Годы, кажется, не трогают эту женщину. Белоснежный хитон облегает по-девичьи стройную фигуру, медные, без тени серебра локоны расчесаны, уложены, закреплены драгоценными заколками — свадебный подарок Одиссея. Легкие браслеты обвивают запястья — подарок Одиссея к рождению сына. Пенелопа не любит иных украшений, кроме подаренных мужем. Он успел подарить ей слишком мало, поэтому царица Итаки выглядит порой скромнее собственных рабынь: их она щедро одаривает за верную службу, а те и рады увешаться побрякушками.

Нет, не трогает время эту удивительную женщину! Статную, стройную, стойкую — беломраморным изваянием застывает она над обрывом и до боли в глазах всматривается в горизонт: нет ли парусов? Не возвращается ли Одиссей?

И лишь когда она поднимается на скалу — становится заметно, что и она не властна над временем. Юная Пенелопа вспархивала наверх пущенной стрелой, белой легкокрылой птицей, вестницей Гермеса; теперь же походка ее отяжелела, а на середине пути уже приходится остановиться и перевести дыхание.

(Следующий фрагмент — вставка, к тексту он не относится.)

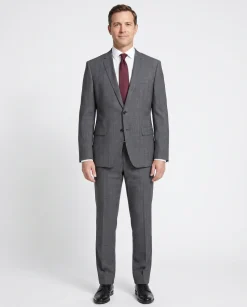 Hugo Boss Mens Gray Windowpane Notch Lapel Wool 2-Button Suit - 44R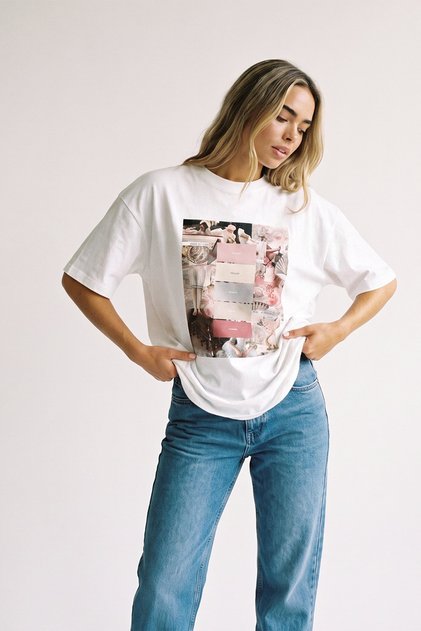 Ecru Oversize Crew Neck Vintage Collage Printed Basic Short Sleeve Women's T-Shirt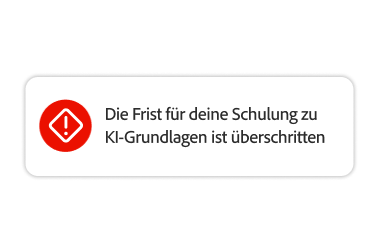 KI-Textfeld mit dem Hinweis „Deine Pflichtschulung zu den KI-Grundlagen ist überfällig.“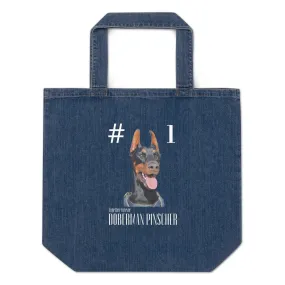 Organic denim tote bag, Doberman Pinscher Lovers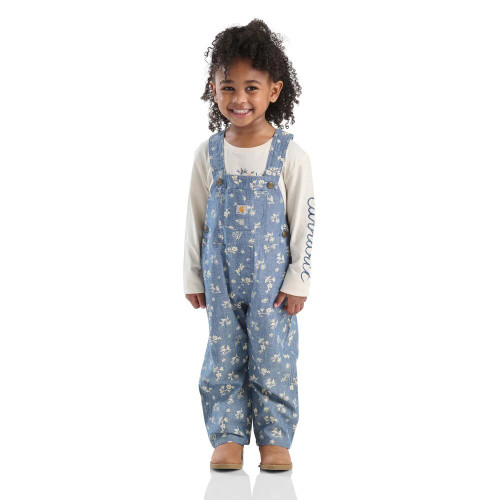 Carhartt Toddler Girls Long Sleeve T-Shirt and Printed Chambray Overall Set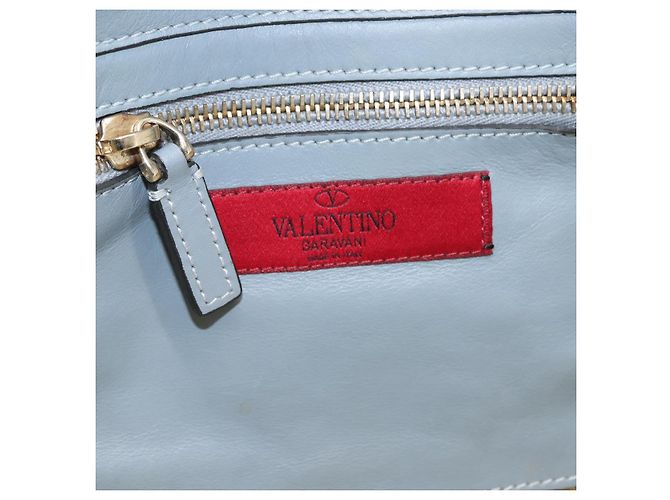 VALENTINO Borsa a mano in pelle 2 in 1 Blu Oro Auth BA6602 D'oro - vista 19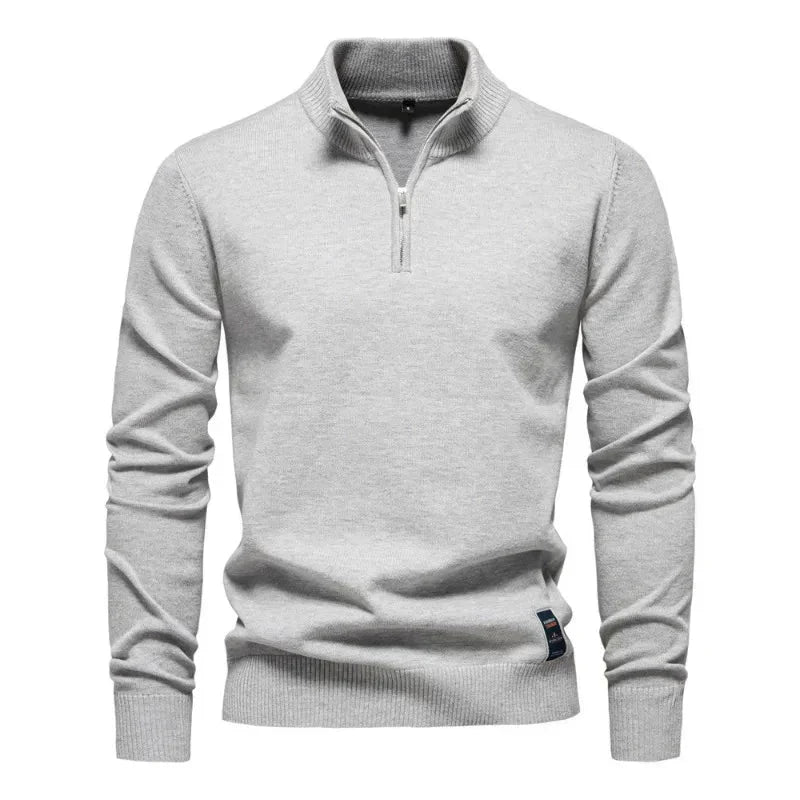 Keifer Men's Quarter Zip Sweater with Ribbed Collar and Hem - Light Gray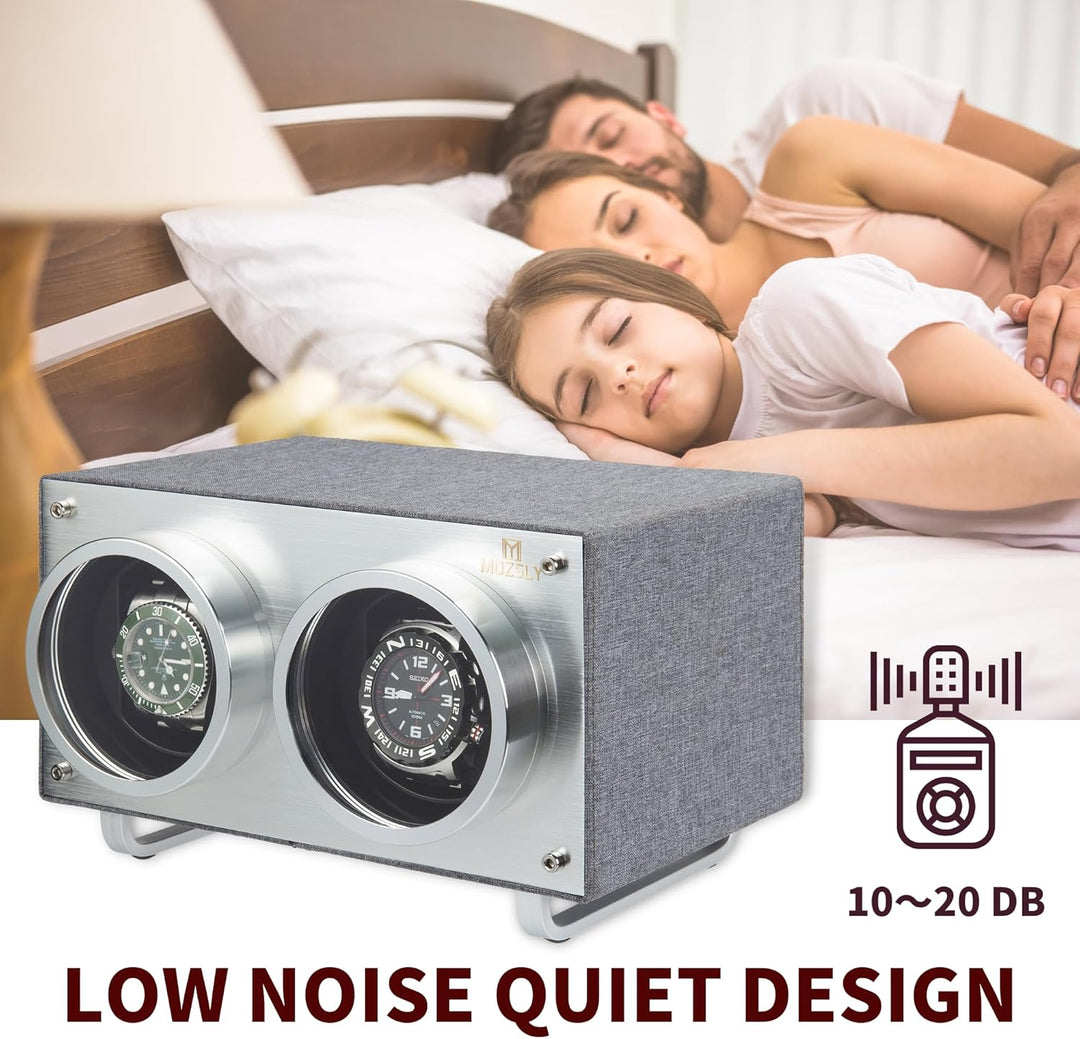 MOZSLY Doppel Uhrenbeweger für Automatikuhren mit leisem Motor Grau Hanf Baumwoll Gewebe, Grau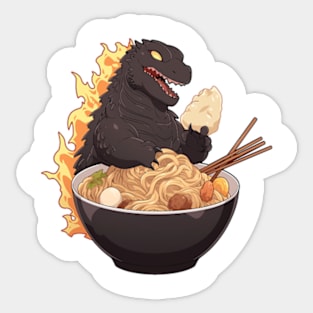 ramen noodles monster Sticker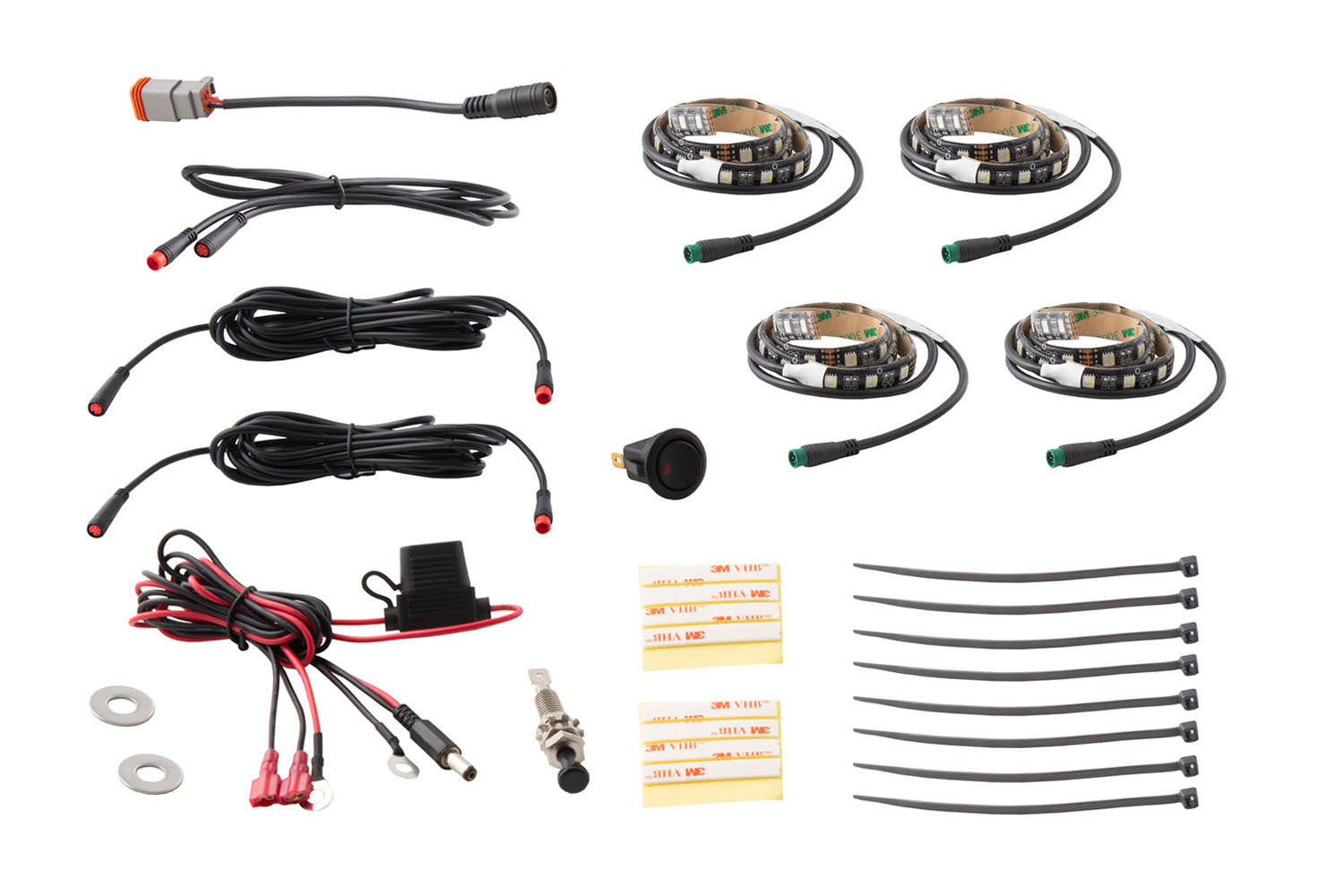 Diode Dynamics Multicolor RGBW Engine Bay Strip Kit 4pc DD0444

Пуст горизонт, пуст. Не стелется пенный след по волнам, не рассекают небо паруса, лишь закатное солнце стекает между скалами. Последний луч касается ресниц Пенелопы: не блеснет ли слезинка?

Не блеснет. Лишь крепче сожмет губы царица Итаки, лишь заляжет тонкая складка между бровями. Снова ждать. Дни, месяцы, годы...

— Мама, — окликает ее звонкий юношеский голос. Пенелопа оборачивается и разом теряет всё свое царственное, полубожественное величие. Становится обычной женщиной, встретившей четыре десятка весен. Женой Одиссея-скитальца. Матерью Телемаха, который укоризненно качает головой.

— Мама, ну зачем ты всё ходишь сюда...

— Телемах, сынок... — Пенелопа улыбается, но в глазах ее прячется вина и смущение. — Мне всё кажется, что твой отец вот-вот вернется. Я хочу быть первой, кто встретит его.

— Пойдем домой, мама. Темнеет, ты ничего уже не увидишь в море...

Телемах бережно обнимает мать. Вдвоем они спускаются с утеса, проходят по узкой каменистой тропинке, едва различимой в сумерках. Проходят через сад, что разбил на скудной итакийской земле отец Одиссея, старый Лаэрт.

Во дворце Телемах передает мать всполошенным рабыням, велит дать ей отвар успокаивающих трав и уложить спать. Сам же идет на мужскую половину.

Там, в гулком пустом мегароне, ждет его сумрачный грузный мужчина. В его бороде и волосах вьется кольцами седина, руки покрыты шрамами, а лицо кажется выточенным из обветренного камня.

— Опять? — только и спрашивает он.

— Опять, — кивает Телемах.

— Где она?

— У себя. Думаю, уже спит: Эвриклея хоть и стара, как все Мойры разом, но знает толк в травах.

— Пойду к ней, — говорит мужчина, поднимаясь.

— Да, отец, — отзывается Телемах.

Одиссей, царь Итаки, муж, преисполненный мудрых советов, тяжело шагает по коридорам собственного дворца. В покои собственной жены.

И ровным счетом ничего не может посоветовать самому себе, когда опускается на колени у ложа прекраснейшей из женщин, чей разум так устал от многих лет терпения, ожидания и любви — так устал, что отказывается ей повиноваться.

И потому Пенелопа до сих пор живет в собственном, полном ожидания мире — и ничего не знает о том что ее Одиссей давным-давно вернулся.